FAILURE MODES AND EFFECTS ANALYSIS
(FMEA)
The Failure modes and effects analysis (FMEA) is a systematic step-by-step approach for evaluating a process and identifying all possible failures in the design or assembly process to determine areas where corrections are needed. "Failure modes" refers to the ways something might fail, e.g. due to having errors or defects. The "effects analysis" means studying the consequences of those failures. FMEA aims at identifying and assessing the causes of failure already in the concept phase to be able to take adequate actions in order to avoid or eliminate errors and save costs. Ideally, FMEA is used during the earliest conceptual stages and continues throughout the life of the product or service.
The objective of our project is to evaluate the communication strategy of the Hermann-Gmeiner-Akademie. Therefore, we will compare the old communication methods used during the last years with the new ones that are under development. As the new version is still in the conceptual phase, we can use the FMEA approach to identify potential causes for failures. Possible failures could be that the content of the marketing material such as flyers or portfolios is difficult to understand, that the website is incomprehensible, or that the communication channels such as social media or mailing lists are not used efficiently. To ensure an objective evaluation, we will question independent people such as students or potential clients of the Hermann-Gmeiner-Akademie with the help of a survey. This shall help to assess the new marketing approach according to different, previously defined quality criteria, and draw the attention to potential failures. As a next step of the FMEA method, we will then gather all the findings to provide critical feedback on the product so far developed. We will also give recommendations to help prevent failures and further improve the communication strategy of the Hermann-Gmeiner-Akademie.
PREDICTIVE ANALYTICS
Predictive analytics uses historical data to predict future events. Generally, historical data is used to build a mathematical model that captures key trends. This predictive model is then applied to current data to predict what will happen next, or to suggest actions that will achieve optimal results. The term "Predictive Analytics" describes the application of a statistical or machine learning technique to produce a quantitative forecast of the future.

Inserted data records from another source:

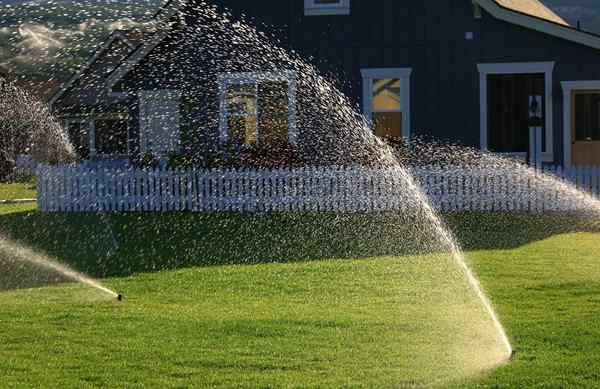 Os melhores serviços de irrigação de 2023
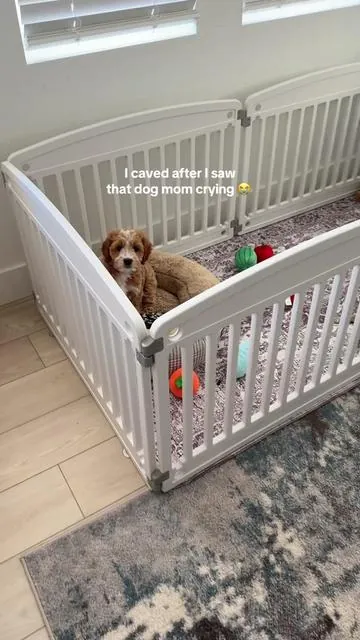 Such a dream to have a safe space for my puppy to play 💫 the washable pee pads on the floor are in my showcase too #PuppyPlaypen #Playpen #PetPlaypen #PetEssentials #tiktokshopspringglowp 
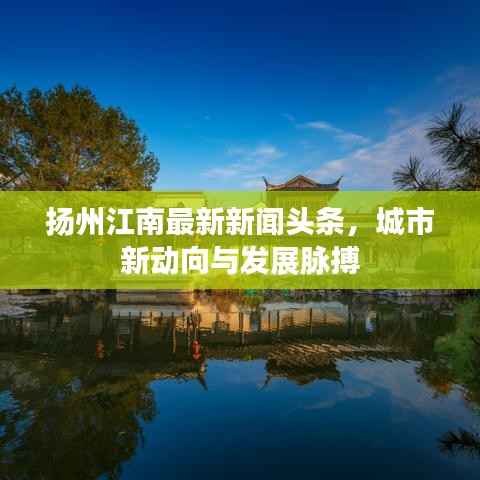 扬州江南最新新闻头条,城市新动向与发展脉搏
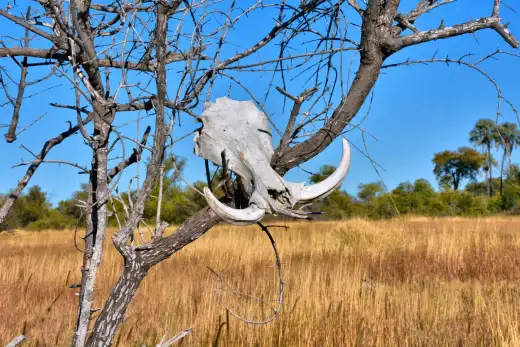 Botswana
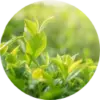 Close up of green tea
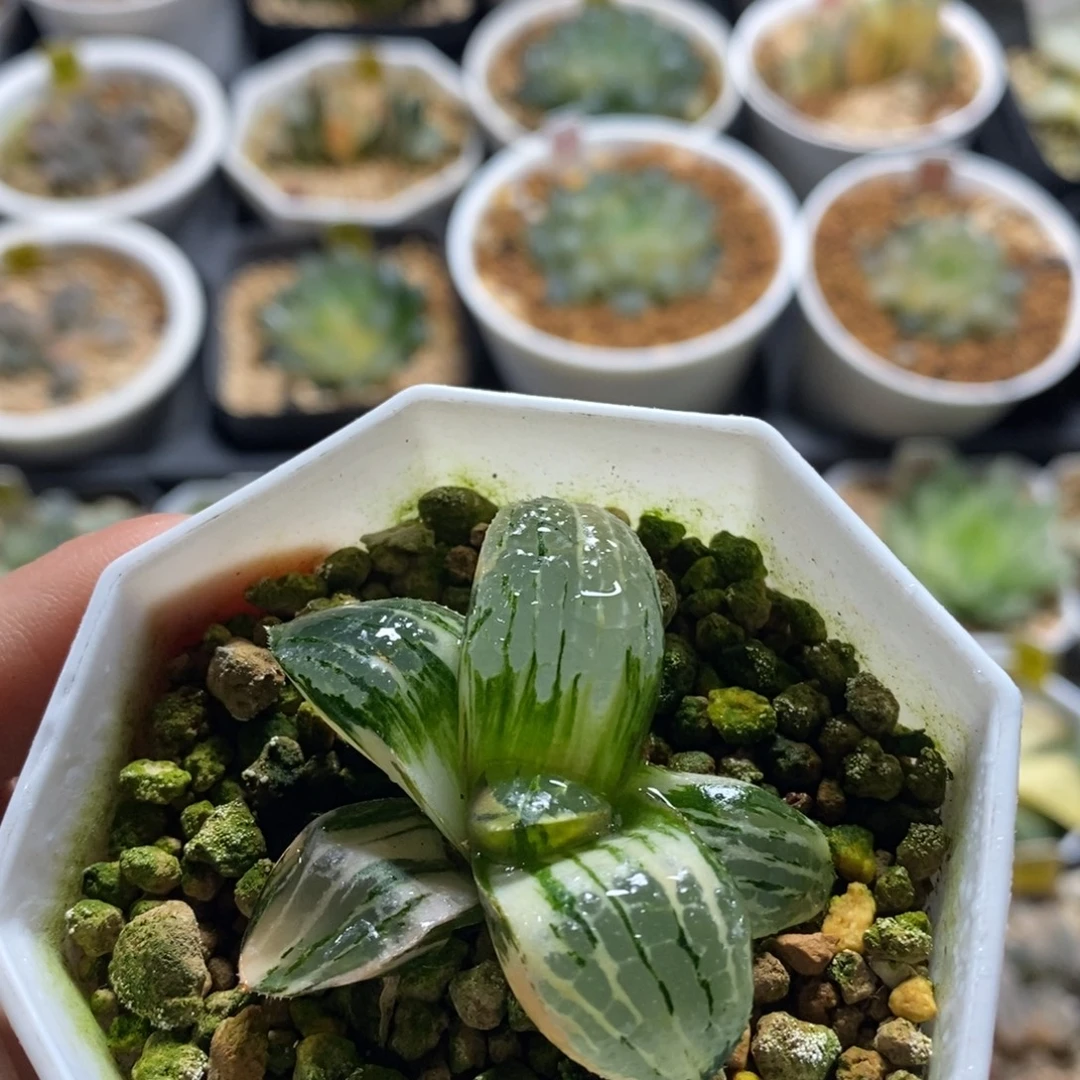 不开花植物9驶扑多肉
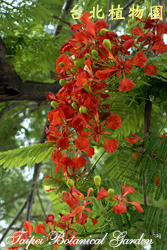 鳳凰木，花朵的圖片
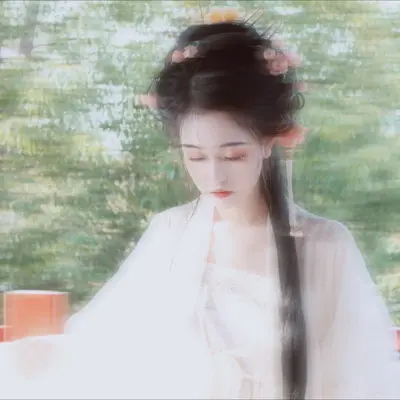 飞花时封面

Monitoring machine learning techniques are often used to predict a future value or estimate a probability.
Predictive analytics starts with a business objective: to use data to reduce waste, save time or cut costs. The process incorporates heterogeneous, often very large amounts of data into models that can produce clear, actionable results to help achieve this goal. Results can include less waste, reduced inventory and a manufactured product that meets specifications. Predictive analytics can yield a substantial ROI. It can help to optimize existing processes, better understand customer behaviour, identify unexpected opportunities, and anticipate problems before they happen.
KNOWLEDGE CLUSTERS
Cooperations between different companies and institutions can be powerful drivers of innovation. As a rather small non-profit-organization, the Hermann-Gmeiner-Akademie cannot afford to invest a lot of money in research, innovation and organizational development. However, there might be other NGOs or enterprises facing similar difficulties in fields like communication, donor satisfaction or effectiveness of in-house trainings. Therefore, forming knowledge clusters with other organisations could help to get ahead. Cooperations can help fostering knowledge sharing and the exchange of best-practice-examples.

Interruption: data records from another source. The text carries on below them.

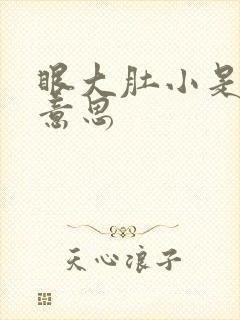 眼大肚小是什么意思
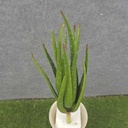 ALOE VERA PLANT 12&quot;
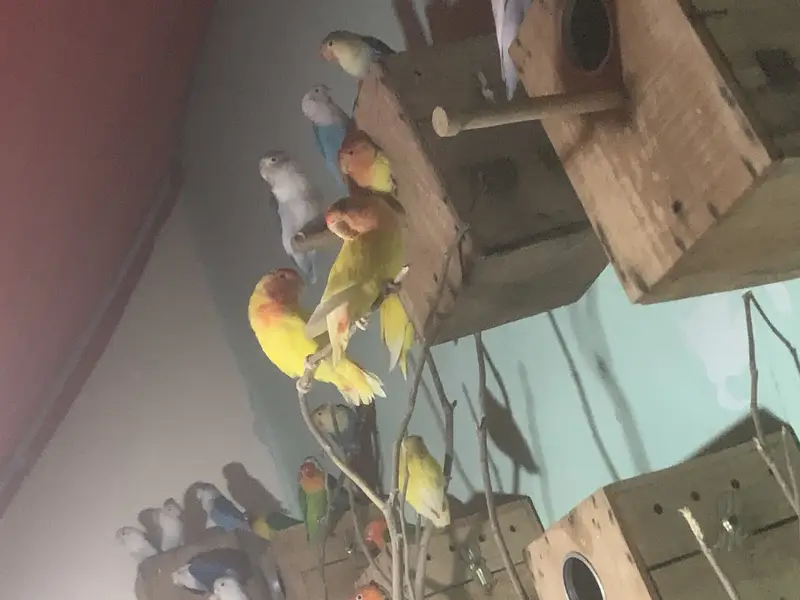 Lovebird healthy or active pair — photo 5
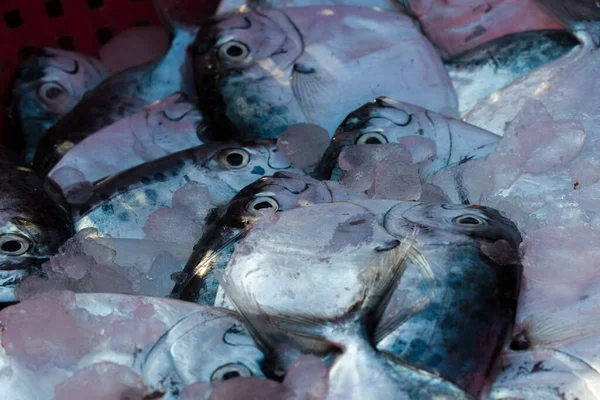 Navalha Moonfish Com Foco Seletivo Profundidade Rasa Campo — Fotografia de Stock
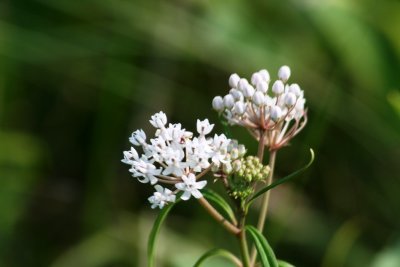 Swamp Milkweed (Asclepias incarnata)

The knowledge cluster can and should include universities, in order to base decisions on empirical and scientific evidence. This enables scientists and students to apply their knowledge in real-life problems and get access to relevant information for case studies or projects. On the other hand, the Hermann-Gmeiner-Akademie and other organisations that are part of the cooperations benefit from tailored research in their field of interest and empiric data to support their cause. For the Hermann-Gmeiner-Akademie this is also a rather efficient way to drive innovation, because they do not have to cover all these competencies within their work force and can make use of the knowledge cluster whenever convenient or necessary.

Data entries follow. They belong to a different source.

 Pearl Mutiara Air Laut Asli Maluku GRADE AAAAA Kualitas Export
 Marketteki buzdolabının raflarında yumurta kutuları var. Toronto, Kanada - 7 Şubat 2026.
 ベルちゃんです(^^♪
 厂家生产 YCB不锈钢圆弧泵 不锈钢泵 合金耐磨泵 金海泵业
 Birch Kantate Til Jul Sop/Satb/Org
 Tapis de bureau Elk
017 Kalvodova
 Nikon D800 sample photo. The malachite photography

Cooperations with other institutions and organisations can also enhance valuable synergy effects and might even bring up ideas for new products or services to offer. As the Hermann-Gmeiner-Akademie wants to offer their trainings also to customers outside of the SOS children’s villages federation, this could be a suitable setting to identify potential customers and test their concepts with new partners. This is a first example of how a variety of stakeholders could benefit from forming research and knowledge cooperations.